A lacuna na compreensão científica da influência do cérebro sobre a mente é acompanhada por um vácuo ainda maior de conhecimento quando se trata de compreender como processos mentais vivenciados subjetivamente influenciam cérebro e o resto do corpo. Muitos, mas não todos, os neurocientistas insistem que a mente é um epifenômeno passivo do cérebro e, portanto, não tem eficácia causal.

No entanto, a comunidade científica gasta milhões de dólares todo ano, procurando eliminar o "efeito placebo" para determinar, por exemplo, a eficácia de fármacos no corpo. Este eufemismo, “o efeito placebo", naturalmente sugere que o efeito em questão é criado pelo placebo. Mas, se a substância física do placebo efetivamente exercesse tais efeitos, por definição, não poderia ser um placebo! As verdadeiras causas do chamado efeito do placebo são os processos mentais subjetivamente experimentados, tais como esperanças, expectativas e desejos. Mas, em vez de chamar esses efeitos pelo seu nome exato, "efeitos mentais", eles são atribuídos justamente àquilo que, por definição, não produz efeitos ou seja, o placebo. Mas pelo menos ele tem a vantagem de ser físico! Tal linguagem enganadora indica até que ponto o compromisso ideológico com o materialismo distorce a investigação científica.

Assim como ingênuos crentes religiosos propõem explicações divinas ou sobrenaturais para lacunas no conhecimento científico, aqueles que estão nas garras de sua fé no materialismo científico propõem explicações materialistas para preencher essas lacunas. Se os cientistas não tivessem nenhuma outra maneira de estudar os fenômenos mentais que não fosse seus familiares sistemas de medição em terceira pessoa, a sua insistência em encontrar explicações físicas para tudo que estudam seria compreensível. Mas quando eles marginalizam a introspecção, o único meio de observação de fenômenos mentais, em vez de desenvolvê-lo como um meio rigorosos de observação científica, substituem o espírito do empirismo por uma adesão dogmática a suposições não corroboradas, o que sempre foi a maldição do progresso científico.

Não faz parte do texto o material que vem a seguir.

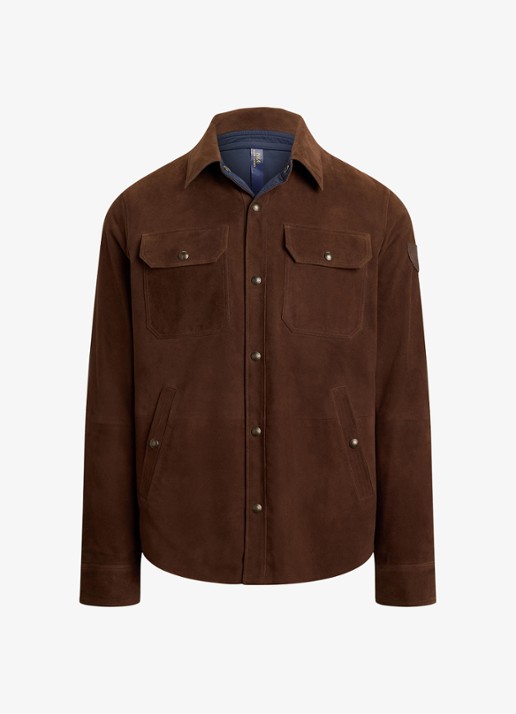 Ralph Lauren Omkeerbaar suède-tafetta overhemdjack - voorkant bruin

Talvez uma explicação física para a consciência seja formulada algum dia. Ou talvez, quando os cientistas finalmente entenderem a natureza e as origens dos fenômenos mentais, eles vão descobrir que explicações físicas são tão inaplicáveis à consciência quanto explicações mecânicas são a campos eletromagnéticos. Nós não sabemos o que o futuro trará, mas em vez de insistir em que a consciência esteja de acordo com os suas suposições metafísicas, os cientistas deveriam ser igualmente abertos a explicações físicas e não físicas para a mente. E já que eles têm feito tão pouco progresso no refinamento da introspecção como meio de investigação científica, podem se beneficiar da colaboração com outras disciplinas de investigação, tais como a tradição contemplativa do budismo, que têm uma longa história em desenvolver métodos de primeira pessoa para observar e transformar a mente.